[Information]
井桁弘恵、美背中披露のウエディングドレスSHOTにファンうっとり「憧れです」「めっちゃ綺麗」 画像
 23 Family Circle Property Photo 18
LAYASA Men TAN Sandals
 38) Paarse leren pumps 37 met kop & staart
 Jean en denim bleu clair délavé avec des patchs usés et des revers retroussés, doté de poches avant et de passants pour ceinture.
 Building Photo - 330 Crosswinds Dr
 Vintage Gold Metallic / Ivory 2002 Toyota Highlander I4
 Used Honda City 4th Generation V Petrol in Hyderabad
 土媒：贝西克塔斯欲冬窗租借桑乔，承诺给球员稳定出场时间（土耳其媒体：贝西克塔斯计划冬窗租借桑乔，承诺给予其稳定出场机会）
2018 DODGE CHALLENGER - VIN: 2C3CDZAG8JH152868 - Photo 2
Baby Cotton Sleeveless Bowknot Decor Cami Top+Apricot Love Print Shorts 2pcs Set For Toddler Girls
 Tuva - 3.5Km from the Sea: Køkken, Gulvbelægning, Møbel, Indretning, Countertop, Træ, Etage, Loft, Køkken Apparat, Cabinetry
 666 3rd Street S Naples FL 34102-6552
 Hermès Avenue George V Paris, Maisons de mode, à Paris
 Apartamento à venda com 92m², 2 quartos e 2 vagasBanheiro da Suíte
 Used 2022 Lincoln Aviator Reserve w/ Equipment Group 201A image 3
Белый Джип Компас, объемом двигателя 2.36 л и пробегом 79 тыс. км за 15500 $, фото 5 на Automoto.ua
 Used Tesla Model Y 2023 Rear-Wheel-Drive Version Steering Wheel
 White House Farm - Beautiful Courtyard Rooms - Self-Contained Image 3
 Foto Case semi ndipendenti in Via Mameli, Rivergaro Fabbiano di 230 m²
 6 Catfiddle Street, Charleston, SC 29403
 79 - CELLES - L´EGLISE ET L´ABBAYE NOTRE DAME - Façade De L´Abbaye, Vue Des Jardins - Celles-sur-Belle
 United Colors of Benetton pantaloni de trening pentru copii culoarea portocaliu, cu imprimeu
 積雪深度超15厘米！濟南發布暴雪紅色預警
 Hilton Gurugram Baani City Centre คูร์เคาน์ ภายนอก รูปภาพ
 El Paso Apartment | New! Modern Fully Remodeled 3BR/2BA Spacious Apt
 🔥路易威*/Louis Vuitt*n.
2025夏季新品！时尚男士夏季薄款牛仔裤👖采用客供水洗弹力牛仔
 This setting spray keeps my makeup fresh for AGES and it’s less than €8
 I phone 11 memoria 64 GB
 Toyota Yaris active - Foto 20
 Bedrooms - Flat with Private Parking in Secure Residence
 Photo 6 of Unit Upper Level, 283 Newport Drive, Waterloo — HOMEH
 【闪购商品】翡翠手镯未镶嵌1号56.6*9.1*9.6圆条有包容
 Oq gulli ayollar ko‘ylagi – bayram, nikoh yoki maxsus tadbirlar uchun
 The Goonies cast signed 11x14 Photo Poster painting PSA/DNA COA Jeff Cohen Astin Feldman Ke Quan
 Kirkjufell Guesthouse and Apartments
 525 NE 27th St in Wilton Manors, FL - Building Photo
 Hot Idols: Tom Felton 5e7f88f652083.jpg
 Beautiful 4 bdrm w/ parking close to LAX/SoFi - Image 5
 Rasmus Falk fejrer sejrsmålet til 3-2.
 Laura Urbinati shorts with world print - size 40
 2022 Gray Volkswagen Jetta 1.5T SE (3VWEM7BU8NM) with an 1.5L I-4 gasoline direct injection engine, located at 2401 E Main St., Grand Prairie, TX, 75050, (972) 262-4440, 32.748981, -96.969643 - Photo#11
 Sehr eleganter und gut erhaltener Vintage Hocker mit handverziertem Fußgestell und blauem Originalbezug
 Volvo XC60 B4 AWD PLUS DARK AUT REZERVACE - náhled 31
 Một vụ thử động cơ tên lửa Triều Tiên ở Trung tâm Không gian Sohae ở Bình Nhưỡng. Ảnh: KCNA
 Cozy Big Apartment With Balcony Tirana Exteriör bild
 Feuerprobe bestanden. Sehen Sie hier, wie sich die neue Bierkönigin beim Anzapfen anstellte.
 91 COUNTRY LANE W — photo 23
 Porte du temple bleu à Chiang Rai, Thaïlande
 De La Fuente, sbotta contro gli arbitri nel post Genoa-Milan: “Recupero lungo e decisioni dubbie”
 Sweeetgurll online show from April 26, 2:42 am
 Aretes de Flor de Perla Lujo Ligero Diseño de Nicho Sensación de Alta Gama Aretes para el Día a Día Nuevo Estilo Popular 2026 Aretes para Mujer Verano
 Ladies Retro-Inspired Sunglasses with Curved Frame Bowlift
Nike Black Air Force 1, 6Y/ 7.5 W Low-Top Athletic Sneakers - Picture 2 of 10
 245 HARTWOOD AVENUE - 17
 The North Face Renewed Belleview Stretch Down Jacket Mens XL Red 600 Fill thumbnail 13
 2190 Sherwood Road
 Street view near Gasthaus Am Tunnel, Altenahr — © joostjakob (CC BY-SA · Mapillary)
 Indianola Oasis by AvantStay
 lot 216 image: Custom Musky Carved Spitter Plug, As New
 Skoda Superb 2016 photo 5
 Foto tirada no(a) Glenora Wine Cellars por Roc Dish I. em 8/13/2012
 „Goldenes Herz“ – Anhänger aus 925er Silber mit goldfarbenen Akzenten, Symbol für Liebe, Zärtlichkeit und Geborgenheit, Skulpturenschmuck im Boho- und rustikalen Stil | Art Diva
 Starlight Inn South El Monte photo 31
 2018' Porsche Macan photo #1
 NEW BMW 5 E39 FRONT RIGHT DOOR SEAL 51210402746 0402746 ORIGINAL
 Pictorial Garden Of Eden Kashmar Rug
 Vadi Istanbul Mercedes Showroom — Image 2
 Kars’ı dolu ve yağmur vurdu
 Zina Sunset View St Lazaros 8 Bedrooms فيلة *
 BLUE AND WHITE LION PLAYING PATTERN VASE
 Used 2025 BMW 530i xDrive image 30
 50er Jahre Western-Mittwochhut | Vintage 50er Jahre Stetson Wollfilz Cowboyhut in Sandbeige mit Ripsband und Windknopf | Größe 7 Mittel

[Assigned task] In the entries above, find the line containing "Starlight Inn South El Monte photo 31". Set down that line and every line after it through the last one, exactly and alone.

[Result for this exercise]
 Starlight Inn South El Monte photo 31
 2018' Porsche Macan photo #1
 NEW BMW 5 E39 FRONT RIGHT DOOR SEAL 51210402746 0402746 ORIGINAL
 Pictorial Garden Of Eden Kashmar Rug
 Vadi Istanbul Mercedes Showroom — Image 2
 Kars’ı dolu ve yağmur vurdu
 Zina Sunset View St Lazaros 8 Bedrooms فيلة *
 BLUE AND WHITE LION PLAYING PATTERN VASE
 Used 2025 BMW 530i xDrive image 30
 50er Jahre Western-Mittwochhut | Vintage 50er Jahre Stetson Wollfilz Cowboyhut in Sandbeige mit Ripsband und Windknopf | Größe 7 Mittel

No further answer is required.